Using a Ruby script and a lot of Excel-mashing, we can pull out a fixed number of entries and exits associated with a particular turnstile covering a set time period.
To map the data, we had to manually geocode the station UNIT IDs. This was time consuming and has been a major barrier to developers who wish to use this dataset, as the station identifiers are not referenced anywhere else, and do not match the station_id fields used in the GTFS data. A CSV with lat/lon for each UNIT ID is available on GitHub.
Each dot represents approximately 50 people. There is no aggregate number of entries and exits for each station, and some have multiple turnstiles running at multiple intervals (most of the data includes counts at 4-hour intervals, but these are offset between some stations, and some outliers do not seem to follow the same conventions).
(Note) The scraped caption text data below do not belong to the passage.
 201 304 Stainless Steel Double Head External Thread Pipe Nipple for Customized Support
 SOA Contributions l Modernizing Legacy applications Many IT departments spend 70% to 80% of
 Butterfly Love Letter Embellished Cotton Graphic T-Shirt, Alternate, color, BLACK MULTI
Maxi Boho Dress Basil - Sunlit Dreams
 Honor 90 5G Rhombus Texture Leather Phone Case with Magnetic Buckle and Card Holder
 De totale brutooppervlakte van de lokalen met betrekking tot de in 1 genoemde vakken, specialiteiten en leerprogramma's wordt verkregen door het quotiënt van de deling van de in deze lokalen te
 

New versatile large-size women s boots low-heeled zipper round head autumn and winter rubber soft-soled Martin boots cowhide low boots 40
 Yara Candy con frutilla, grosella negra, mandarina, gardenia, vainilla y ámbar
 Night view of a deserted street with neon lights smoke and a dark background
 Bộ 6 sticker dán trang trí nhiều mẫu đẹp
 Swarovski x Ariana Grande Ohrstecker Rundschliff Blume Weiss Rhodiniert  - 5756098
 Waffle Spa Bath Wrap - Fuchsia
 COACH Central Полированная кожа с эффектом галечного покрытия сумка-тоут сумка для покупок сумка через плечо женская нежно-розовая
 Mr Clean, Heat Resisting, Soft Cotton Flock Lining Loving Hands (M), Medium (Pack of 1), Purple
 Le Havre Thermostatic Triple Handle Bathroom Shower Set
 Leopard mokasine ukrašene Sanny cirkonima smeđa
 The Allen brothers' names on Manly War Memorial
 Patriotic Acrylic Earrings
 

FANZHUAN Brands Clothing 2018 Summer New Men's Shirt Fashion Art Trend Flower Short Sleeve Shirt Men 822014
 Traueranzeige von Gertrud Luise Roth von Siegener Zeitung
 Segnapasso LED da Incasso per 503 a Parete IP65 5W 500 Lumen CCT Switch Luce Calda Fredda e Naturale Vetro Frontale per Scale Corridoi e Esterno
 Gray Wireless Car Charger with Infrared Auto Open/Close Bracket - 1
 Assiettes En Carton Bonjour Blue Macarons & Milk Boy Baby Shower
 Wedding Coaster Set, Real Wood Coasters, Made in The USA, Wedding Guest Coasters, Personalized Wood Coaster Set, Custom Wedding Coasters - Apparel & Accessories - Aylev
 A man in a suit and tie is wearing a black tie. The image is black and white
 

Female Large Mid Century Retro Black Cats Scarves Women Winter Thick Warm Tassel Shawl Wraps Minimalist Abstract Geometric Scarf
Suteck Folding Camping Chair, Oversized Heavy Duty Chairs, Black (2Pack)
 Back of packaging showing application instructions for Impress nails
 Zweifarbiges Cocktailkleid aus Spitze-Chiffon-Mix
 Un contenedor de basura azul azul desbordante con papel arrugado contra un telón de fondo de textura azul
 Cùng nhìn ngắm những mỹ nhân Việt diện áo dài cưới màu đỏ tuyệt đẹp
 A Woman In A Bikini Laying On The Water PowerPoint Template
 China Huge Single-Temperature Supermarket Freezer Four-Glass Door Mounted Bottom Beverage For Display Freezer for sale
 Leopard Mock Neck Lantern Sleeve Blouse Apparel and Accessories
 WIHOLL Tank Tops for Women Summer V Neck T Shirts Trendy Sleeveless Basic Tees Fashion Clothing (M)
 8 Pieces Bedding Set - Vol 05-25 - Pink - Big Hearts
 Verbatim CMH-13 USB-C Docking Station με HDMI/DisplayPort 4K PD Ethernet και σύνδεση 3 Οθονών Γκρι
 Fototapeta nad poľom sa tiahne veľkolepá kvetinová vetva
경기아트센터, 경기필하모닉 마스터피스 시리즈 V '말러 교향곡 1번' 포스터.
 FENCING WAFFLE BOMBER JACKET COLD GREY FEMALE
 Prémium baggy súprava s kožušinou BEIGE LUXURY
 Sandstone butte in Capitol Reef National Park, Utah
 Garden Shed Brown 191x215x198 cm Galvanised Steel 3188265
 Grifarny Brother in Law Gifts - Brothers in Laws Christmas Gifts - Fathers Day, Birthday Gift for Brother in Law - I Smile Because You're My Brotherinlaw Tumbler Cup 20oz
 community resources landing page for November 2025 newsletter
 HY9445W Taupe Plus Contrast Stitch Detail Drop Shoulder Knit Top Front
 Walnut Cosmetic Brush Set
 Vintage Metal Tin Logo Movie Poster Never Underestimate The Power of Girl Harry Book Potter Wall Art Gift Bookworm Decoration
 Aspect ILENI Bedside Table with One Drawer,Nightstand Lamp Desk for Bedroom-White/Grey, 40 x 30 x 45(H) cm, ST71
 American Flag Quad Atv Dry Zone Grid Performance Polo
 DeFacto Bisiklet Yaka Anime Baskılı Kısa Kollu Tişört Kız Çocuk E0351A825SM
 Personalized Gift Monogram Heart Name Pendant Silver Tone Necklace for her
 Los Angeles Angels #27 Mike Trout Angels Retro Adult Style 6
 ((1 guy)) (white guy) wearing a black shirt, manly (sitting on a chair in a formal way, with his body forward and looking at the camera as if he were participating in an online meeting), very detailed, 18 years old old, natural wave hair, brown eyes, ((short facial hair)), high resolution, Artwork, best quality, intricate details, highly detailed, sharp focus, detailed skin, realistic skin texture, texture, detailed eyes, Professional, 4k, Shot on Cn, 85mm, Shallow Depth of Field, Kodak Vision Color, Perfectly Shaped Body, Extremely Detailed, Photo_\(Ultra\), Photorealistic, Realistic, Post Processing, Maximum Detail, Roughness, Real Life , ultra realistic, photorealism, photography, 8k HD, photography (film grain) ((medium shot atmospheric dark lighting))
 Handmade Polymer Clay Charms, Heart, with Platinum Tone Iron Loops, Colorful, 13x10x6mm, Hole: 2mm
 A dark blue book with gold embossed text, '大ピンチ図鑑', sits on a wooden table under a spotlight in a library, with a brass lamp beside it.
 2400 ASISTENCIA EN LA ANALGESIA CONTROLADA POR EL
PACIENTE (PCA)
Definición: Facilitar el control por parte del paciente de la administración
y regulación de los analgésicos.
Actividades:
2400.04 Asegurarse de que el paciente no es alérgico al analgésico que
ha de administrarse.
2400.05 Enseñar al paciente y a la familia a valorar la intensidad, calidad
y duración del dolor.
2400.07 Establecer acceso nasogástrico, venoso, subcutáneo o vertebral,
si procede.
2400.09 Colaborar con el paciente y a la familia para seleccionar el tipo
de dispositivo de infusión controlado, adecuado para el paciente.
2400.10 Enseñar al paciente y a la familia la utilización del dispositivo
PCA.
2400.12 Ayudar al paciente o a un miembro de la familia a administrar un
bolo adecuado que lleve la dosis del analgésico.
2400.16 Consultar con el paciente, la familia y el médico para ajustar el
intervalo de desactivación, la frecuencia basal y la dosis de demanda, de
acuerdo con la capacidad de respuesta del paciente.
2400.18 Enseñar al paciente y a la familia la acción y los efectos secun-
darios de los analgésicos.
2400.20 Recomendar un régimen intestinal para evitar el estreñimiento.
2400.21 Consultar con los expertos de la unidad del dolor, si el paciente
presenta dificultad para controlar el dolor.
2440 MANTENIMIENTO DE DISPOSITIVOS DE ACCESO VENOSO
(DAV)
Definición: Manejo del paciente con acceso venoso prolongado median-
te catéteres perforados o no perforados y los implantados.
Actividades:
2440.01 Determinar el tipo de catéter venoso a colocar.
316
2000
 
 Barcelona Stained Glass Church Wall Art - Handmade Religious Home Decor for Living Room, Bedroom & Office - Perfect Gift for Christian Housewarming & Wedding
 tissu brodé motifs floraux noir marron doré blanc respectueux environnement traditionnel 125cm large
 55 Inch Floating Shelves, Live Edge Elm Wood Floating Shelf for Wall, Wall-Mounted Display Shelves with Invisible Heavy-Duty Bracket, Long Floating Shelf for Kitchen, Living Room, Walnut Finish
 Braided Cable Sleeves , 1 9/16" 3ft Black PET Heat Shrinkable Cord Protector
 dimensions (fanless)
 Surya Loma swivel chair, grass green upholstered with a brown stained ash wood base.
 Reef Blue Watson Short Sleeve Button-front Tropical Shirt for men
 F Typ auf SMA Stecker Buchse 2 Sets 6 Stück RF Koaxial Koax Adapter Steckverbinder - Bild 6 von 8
Data for a specific turnstile for a specific time period is pulled into the map as the visualization runs. The number of entries/exits is divided by 50 and each group of 50 will be represented by a dot. To make the motions more fluid, a start and end time are picked at random from the associated time period for that data, which is used to display and animate the dot.
Entry dots are placed at random within a radius of their target station, and animated to move towards the station. Exit dots start at the station, and are animated to a random point within the same radius. This simulates the movement patterns around each station and helps to visualize entry and exit flow.